Нет, не ослышалась! Почти не видя ничего от слез, она собрала в узел свое барахлишко, укутала Любашу в одеяльце.
Мишатка влетел в избу разгоряченный:
– Маманька! Я в лапту играл!
– И сразу осекся, увидев плачущую мать с узлом в руках. Он и раньше видел, как дед обижает мать, а тут сразу все понял.
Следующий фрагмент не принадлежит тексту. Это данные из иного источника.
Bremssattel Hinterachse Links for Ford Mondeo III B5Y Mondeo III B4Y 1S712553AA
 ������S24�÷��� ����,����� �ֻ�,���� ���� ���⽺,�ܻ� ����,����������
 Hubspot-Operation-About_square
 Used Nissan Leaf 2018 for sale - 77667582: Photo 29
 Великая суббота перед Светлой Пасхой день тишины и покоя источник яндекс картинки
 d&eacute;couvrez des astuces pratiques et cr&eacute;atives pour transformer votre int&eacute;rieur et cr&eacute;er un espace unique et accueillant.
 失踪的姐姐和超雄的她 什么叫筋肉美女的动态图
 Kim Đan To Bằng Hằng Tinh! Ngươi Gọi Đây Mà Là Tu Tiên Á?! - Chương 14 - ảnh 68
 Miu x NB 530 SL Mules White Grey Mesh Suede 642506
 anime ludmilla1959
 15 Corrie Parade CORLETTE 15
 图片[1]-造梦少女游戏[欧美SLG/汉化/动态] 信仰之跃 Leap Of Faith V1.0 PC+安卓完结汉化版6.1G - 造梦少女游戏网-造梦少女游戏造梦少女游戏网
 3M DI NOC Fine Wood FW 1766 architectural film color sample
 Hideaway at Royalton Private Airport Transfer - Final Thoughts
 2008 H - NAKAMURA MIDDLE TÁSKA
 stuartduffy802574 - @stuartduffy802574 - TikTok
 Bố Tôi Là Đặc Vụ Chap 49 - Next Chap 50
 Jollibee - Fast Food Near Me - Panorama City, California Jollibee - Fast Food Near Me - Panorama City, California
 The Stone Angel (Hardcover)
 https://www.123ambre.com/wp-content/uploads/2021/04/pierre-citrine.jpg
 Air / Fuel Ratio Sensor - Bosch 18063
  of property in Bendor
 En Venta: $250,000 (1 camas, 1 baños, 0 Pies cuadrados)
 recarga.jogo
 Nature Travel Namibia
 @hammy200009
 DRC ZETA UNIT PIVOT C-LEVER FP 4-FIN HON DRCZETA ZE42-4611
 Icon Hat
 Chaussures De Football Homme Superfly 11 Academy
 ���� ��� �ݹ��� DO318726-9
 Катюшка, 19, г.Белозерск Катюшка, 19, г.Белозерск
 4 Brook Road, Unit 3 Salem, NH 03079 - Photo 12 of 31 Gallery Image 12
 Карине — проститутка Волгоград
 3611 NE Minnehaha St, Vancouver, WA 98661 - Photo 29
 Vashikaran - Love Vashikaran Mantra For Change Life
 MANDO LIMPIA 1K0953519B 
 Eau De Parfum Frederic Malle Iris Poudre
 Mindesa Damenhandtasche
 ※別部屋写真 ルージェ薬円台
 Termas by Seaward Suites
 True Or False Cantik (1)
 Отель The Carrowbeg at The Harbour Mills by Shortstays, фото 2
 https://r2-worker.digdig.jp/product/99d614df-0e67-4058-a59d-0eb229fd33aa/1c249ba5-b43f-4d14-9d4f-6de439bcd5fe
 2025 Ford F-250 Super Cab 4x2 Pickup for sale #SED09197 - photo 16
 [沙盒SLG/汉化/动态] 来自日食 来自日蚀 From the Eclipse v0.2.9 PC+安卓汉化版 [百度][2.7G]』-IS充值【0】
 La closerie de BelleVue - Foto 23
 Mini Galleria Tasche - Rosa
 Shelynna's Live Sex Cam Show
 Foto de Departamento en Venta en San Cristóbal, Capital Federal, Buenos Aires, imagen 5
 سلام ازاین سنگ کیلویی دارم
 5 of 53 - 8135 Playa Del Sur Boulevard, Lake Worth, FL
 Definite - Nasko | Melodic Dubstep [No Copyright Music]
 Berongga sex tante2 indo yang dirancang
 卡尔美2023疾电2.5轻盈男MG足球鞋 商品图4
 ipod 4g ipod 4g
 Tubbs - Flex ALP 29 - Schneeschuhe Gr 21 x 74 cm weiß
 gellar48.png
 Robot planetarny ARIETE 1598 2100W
– Давай я понесу узел, маманька.
Захар опешил от решительности снохи. Он сидел на лавке в переднем углу, наблюдал за ее сборами и не мог ничего придумать, чем бы оправдаться перед нею. Он сам внутренне удивлялся, откуда у него взялась такая грубость и жестокость, но ничего не мог с собой поделать. Сознание того, что остается теперь совсем один, еще больше подхлестывало самолюбие - он дико повел глазами и прорычал, задыхаясь от злости:
– Уйдешь - прокляну, - и одеревенело застыл.
Маша остановилась у дверей, перекрестилась на образа:
– Прости, батя... я чиста, как перед богом, а попречный хлеб мне не нужен, сама заработаю. Спасибо за все, прощай.
– И толкнула дверь.
В коммуне Андрей Филатов велел бабам освободить от конторских столов ревякинскую квартиру, отмыть как следует полы и вселить туда Машу с детьми.
Ждали, что не выдержит Захар одиночества, придет в коммуну или уедет в Пады к дочери Насте, но не тут-то было.
Однажды, уже перед севом, Ефим Олесин принес в коммуну неожиданную новость: Захар женился. Зашла к нему перед пасхой сестра соседа бобылка Маланья - подсобить убраться к празднику, да так и осталась.